Global demand for coal spurred a 61 percent jump in Peabody Energy Corp.’s second-quarter earnings, reported Thursday. But shares in the world’s largest coal company sank 9.5 percent on what one analyst called concerns about potential softening in coal industry prices.
The St. Louis-based company earned $153.4 million, or 57 cents a share, for the period ending June 30, up from $95.3 million, or 36 cents a share, last year. Revenue surged 18.7 percent to $1.32 billion from $1.11 billion in the prior-year period, as the company increased coal sales by 3.1 million tons.
Analysts polled by Thomson Financial expected profit of 56 cents a share on revenue of $1.4 billion.
Despite the strong showing, shares of Peabody fell $5.07, or 9.5 percent, to $48.28 in afternoon trading on the New York Stock Exchange, where they have traded in a 52-week range of $29.475 to $76.29.
Mark Reichman, an analyst with A.G. Edwards & Sons Inc. in St. Louis, said the decline in the stock price reflected concern about the coal industry, which has generally been strong in recent years.
“We’re a little concerned about what we perceive as a deterioration in the near term in coal industry fundamentals,” Reichman said. “The supply-demand imbalance that drove coal prices higher over the last three years seems to have narrowed.
“If you have economic growth slowing, we think near-term coal prices could soften further, and I think the market has become increasingly concerned about this.”

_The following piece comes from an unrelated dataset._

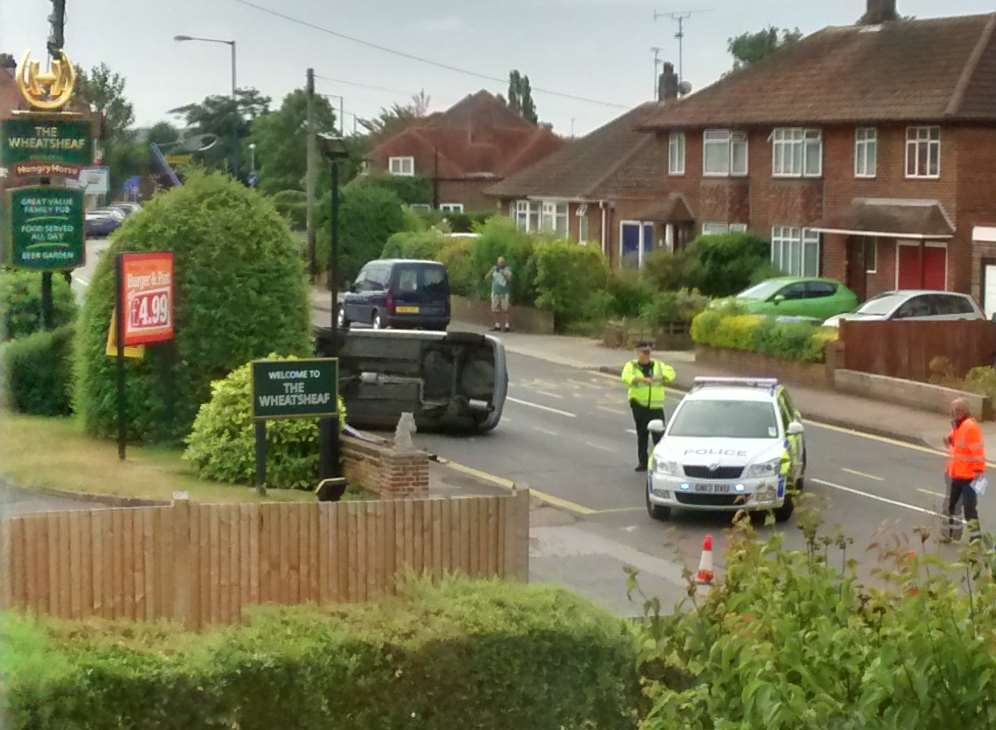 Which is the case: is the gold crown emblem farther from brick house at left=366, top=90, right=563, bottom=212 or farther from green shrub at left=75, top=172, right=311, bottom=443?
brick house at left=366, top=90, right=563, bottom=212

Peabody President and Chief Executive Officer Gregory H. Boyce said the company strengthened its operating base through major equipment installations and the startup of two new mines during the quarter. It also purchased Excel Coal, a $1.34 billion deal expected to close in the fourth quarter.

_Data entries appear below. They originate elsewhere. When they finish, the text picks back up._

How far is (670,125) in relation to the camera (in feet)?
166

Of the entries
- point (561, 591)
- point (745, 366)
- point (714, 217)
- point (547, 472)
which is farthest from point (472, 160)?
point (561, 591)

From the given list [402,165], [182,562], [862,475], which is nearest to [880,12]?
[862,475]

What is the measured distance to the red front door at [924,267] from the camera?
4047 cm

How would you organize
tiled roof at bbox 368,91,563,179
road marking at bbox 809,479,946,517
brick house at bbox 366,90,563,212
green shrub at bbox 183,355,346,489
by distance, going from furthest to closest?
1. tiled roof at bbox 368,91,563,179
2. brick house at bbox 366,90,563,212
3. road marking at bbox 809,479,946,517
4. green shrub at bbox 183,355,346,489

And on Tuesday, Peabody announced a partnership with Rentech Inc. of Denver to consider building two U.S. plants that could transform coal into liquid fuels.
The company saw a per ton price increase of more than 6 percent at U.S. operations and 31 percent in Australia. Sales volume rose 5 percent to 60.8 million tons.
“Coal demand continues to set records in the United States and globally, and the long-term coal outlook continues to strengthen,” Boyce said.
Additional coal-based power plants worldwide now under construction represent an additional 175 million tons of use annually.
For the first six months of 2006, Peabody’s earnings per share rose 91 percent to $1.05 on net income of $284 million.
Still, the company said it expects to earn 35 cents to 55 cents per share in the third quarter, short of analyst predictions of 63 cents per share.
For the full year, Peabody predicted a profit of $2 to $2.43, up from its prior outlook of $1.87 to $2.43 per share. Wall Street projects earnings of $2.37 per share for the year.
Peabody operates more than 30 mines and processing facilities in the U.S. and Australia. It produces about 240 million tons of coal a year and maintains nearly 10 billion tons in reserve.